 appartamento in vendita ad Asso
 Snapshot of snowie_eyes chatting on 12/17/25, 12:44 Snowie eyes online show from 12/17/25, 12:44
────────────────
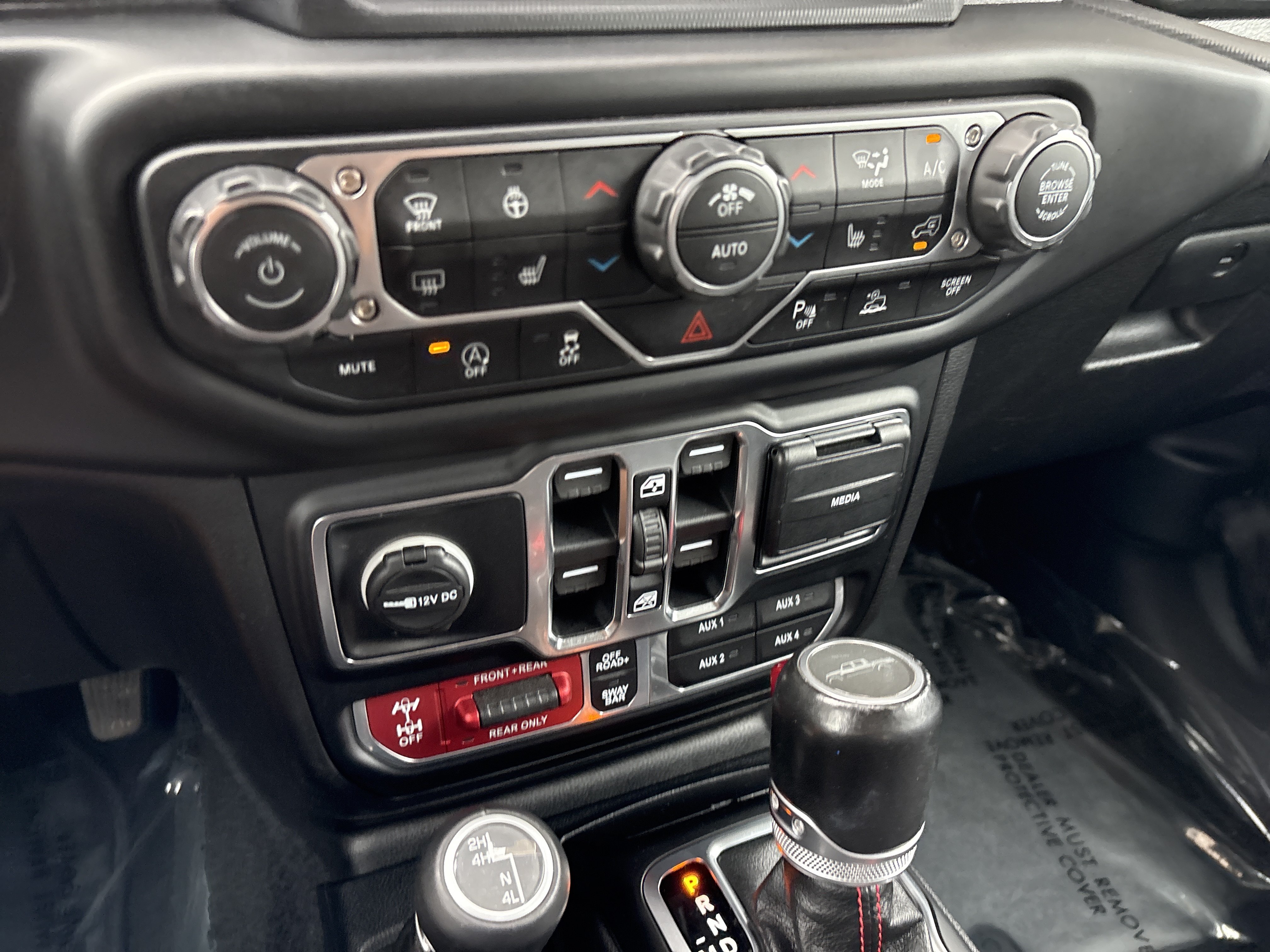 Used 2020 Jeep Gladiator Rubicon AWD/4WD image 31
────────────────
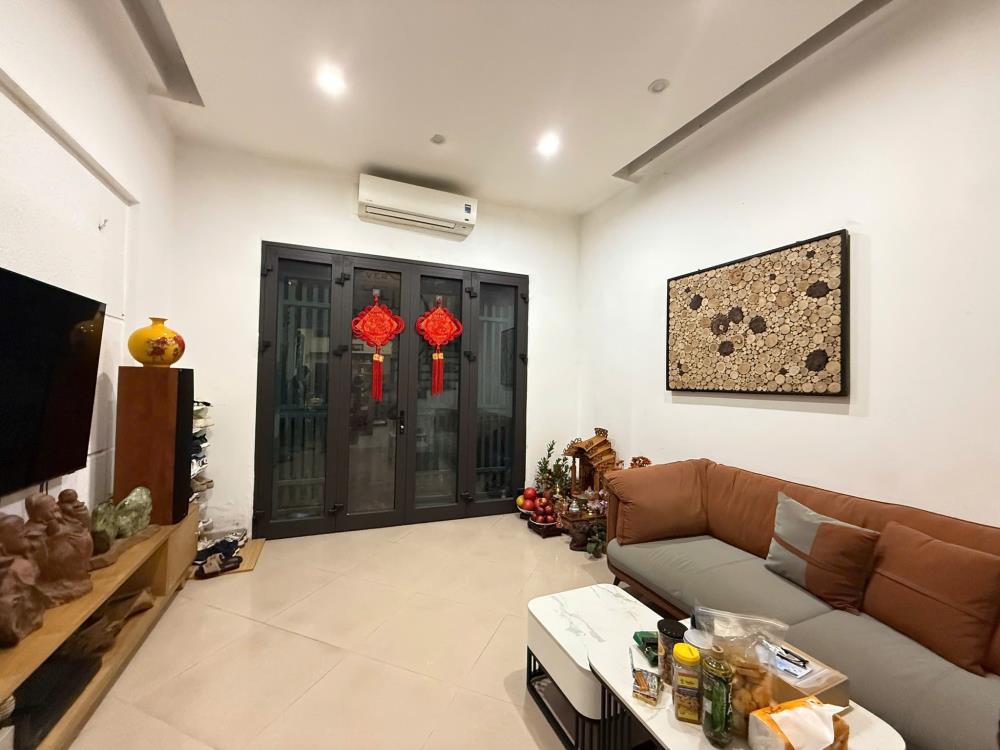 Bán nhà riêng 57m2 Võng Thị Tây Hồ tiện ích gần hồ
────────────────
— Exercise details —
Among the entries above, find the line with "appartamento in vendita ad Asso" and the line with "Snapshot of snowie_eyes"; give again exactly these two lines and all lines between them.

— Exercise solution —
 appartamento in vendita ad Asso
 Snapshot of snowie_eyes chatting on 12/17/25, 12:44 Snowie eyes online show from 12/17/25, 12:44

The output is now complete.